“Do you daydream of fat beats and crispy meats?”
– from Bob White event promo
It’s ok. I don’t know what that means either. Well, fat beats is pretty straight forward. But crispy meats?
Code-speak? Part of a younger, hipper vernacular?
Shit if I know.
But if there’s a live show promising a “fat beat” and “crispy meat” combo, it’s sure to capture one’s curiosity at the least. Right?
Here’s more of the same promo:
“Do you daydream of fat beats and crispy meats? Of scantily clad Ravers hand-feeding you bacon while the bass assaults your senses? Of an event chock-full of glovers, dancers, free food, and great Kikwear giveaways?”
Curiosity still piqued? Yes. Slightly weirded out, too? Yep.
Ok, final details for the show, dubbed “Baconology“:
“Celebrating the 50th day of the Season of Aftermath, we will be providing an amazing lineup of hardcore, hard dance, breaks, hardstyle and MOAR!

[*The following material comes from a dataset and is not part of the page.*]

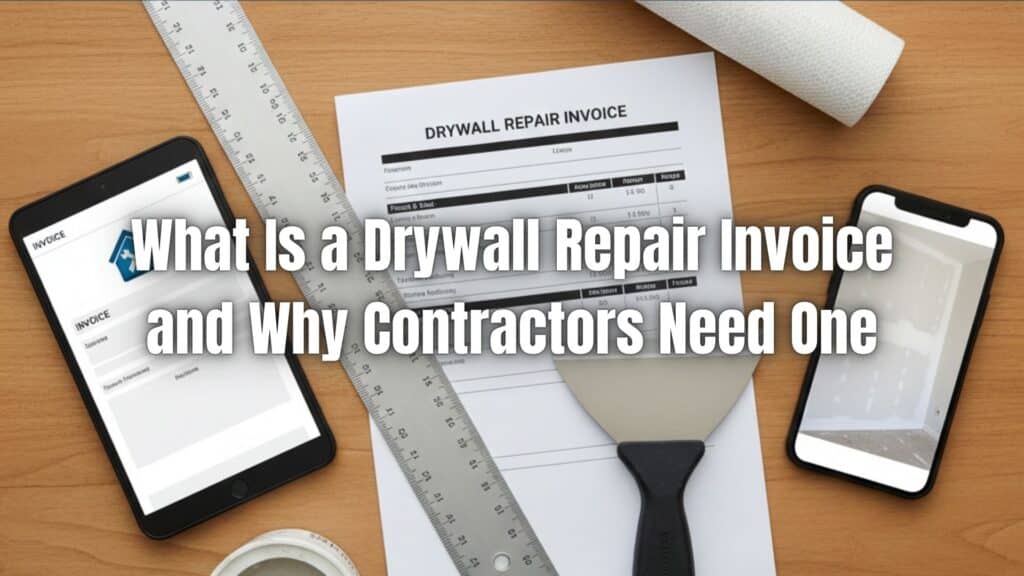 Learn what a drywall repair invoice is, what details it must include, and why contractors need one. Discover tips and templates today!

Arctic Productions and Neon Rainbow Mindfuck are teaming up to make these delicious fantasies into smoked, cured, and fried realities! Bacon options including pig, turkey, and veggie, along with innovative bacon presentations yet to be revealed!”
What in the Land of Ooo is happening here? Movies would be so much easier.
And it gets better. Well, not better. But…
Here’s another show to blow your mind:
“Embark on a safari of raging proportions! Join us as two of Portland’s top productions companies team up like never before with 2 stages of absolute untamed madness! So get your inner beast on, and dress like your favorite animal because its going to be a jungle in here! There will be a costume contest and free VIP tickets will get handed to the two best dressed beasts.”
At least it’s not a strip club, right? It’s like being happy with Mitt Romney because it could have been Newt Gingrich. Oh wait, none of those worked out.